The simple solution, and some countries do this, is to tally all the votes across the country, and then allocate seats in the parliament in proportion to each party’s level of support. So, 20% of the votes get you 20% of the seats.

The problem with this is that it requires each party to rank their preferred candidates; if they are allocated 20 seats, say, then those go to the first 20 names on the list. So, the places near the top of the list go to party hacks and the electorate has no direct say in which particular people represent them. It also means that we’d have to do away with ridings, which means not having our own local member. There are a lot of benefits to having a local member. Some members are quite popular in their own right, rather than as representatives of a particular party. And we have a long tradition of being able to address concerns to our local member. I’d hate to lose that.

There are numerous ways that various countries have tried to get around these problems. Some have super-ridings with up to five members elected from each. Others elect local members, but then allocate additional seats to parties that are under-represented. This creates two classes of members – those elected locally and those added from party lists. I don’t particularly like that, but I think it’s the lesser of two evils.

Now back to the first problem. The head versus heart dilemma is a new one for me. I moved here from Australia where voters in each riding rank candidates in order of preference. If your first choice does not prevail on first count, then your vote is allocated to your second preference. If that candidate has little support, it is passed on to your third, and so on. So your vote is passed down the line until it ends up with one of the two most supported candidates.

In effect, this system allows a voter to support the candidate they like most, while at the same time ensuring that they don’t inadvertently help elect the one they like least.  It’s not particularly complicated, and I never heard any Australian say that they didn’t understand it. It is known as the single transferable vote, or preferential voting, and was the choice in 2009 among members of the BC Citizens’ Assembly on Electoral Reform, but rejected in a province-wide referendum.

We could elect local members using a preferential system and then supplement each party’s total numbers of members from a party list. That way we could vote with our hearts, knowing that we will never have that awful feeling that we have wasted our votes on a candidate who was never going to win anyway.

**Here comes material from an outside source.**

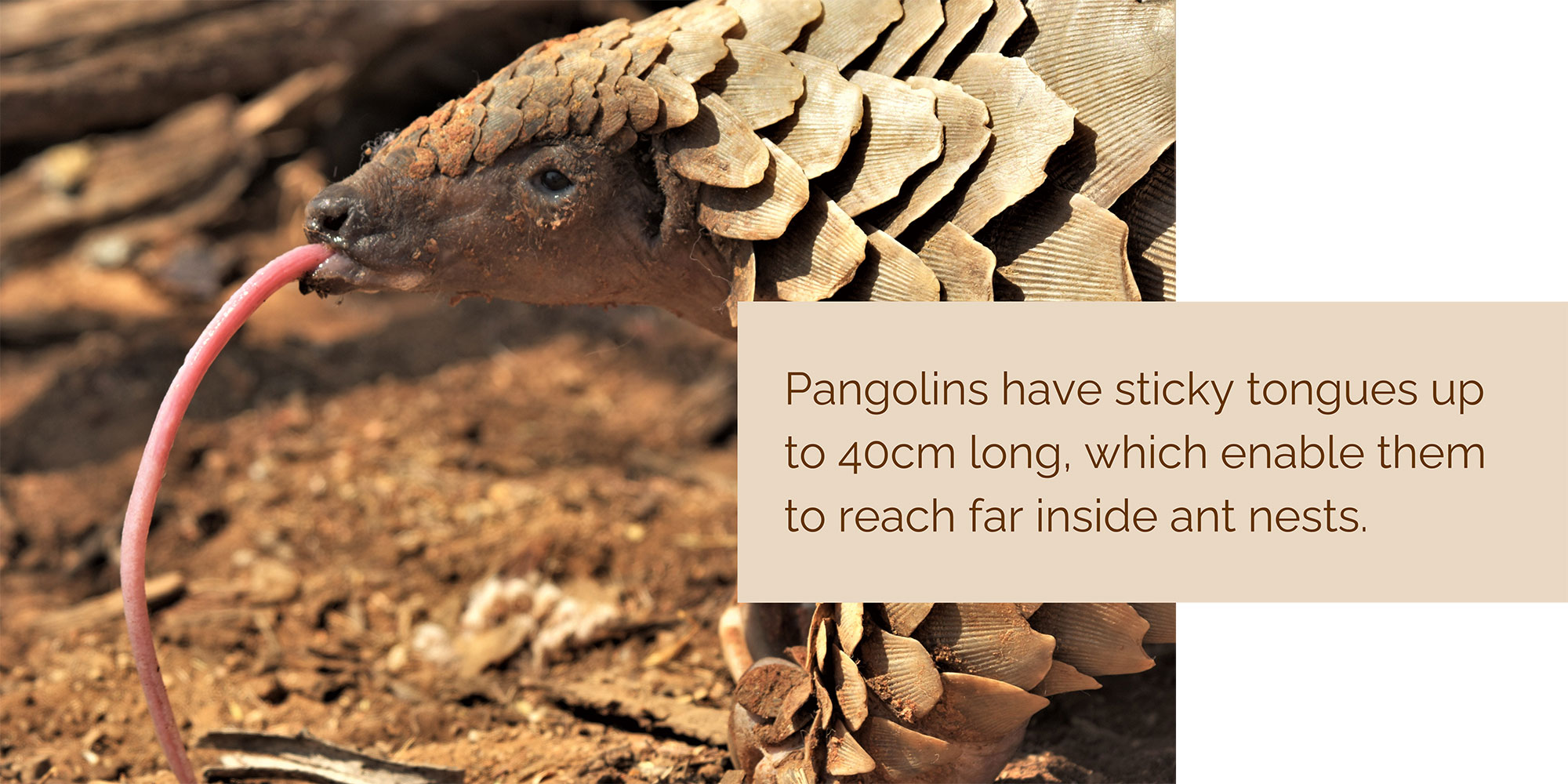 pangolin slideshow 4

And what’s more, we’ll end up with a parliament that reflects the true level of support for each party across the country.

At this juncture in Canada, a change away from the first past the post system would disadvantage the Conservatives. But, that is only now. In ten years’ time, it might be the Conservatives who benefit from the changes. The Greens, who find it hard to win a riding, but have solid support right across Canada, have the most to gain right now.

In general, these changes would make for a Parliament that requires more cooperation between the parties, and that seldom gives any party an absolute majority. Coalitions would become the norm. That is not a problem; many countries always have coalition governments. Most importantly, it will bring new legitimacy to government, and an end to governments being elected with barely one third of the vote. That is bound to be a good thing.

The time has come for a system that reflects the values of a wider range of Canadians. I hope that you will think about electoral reform as part of your voting decision.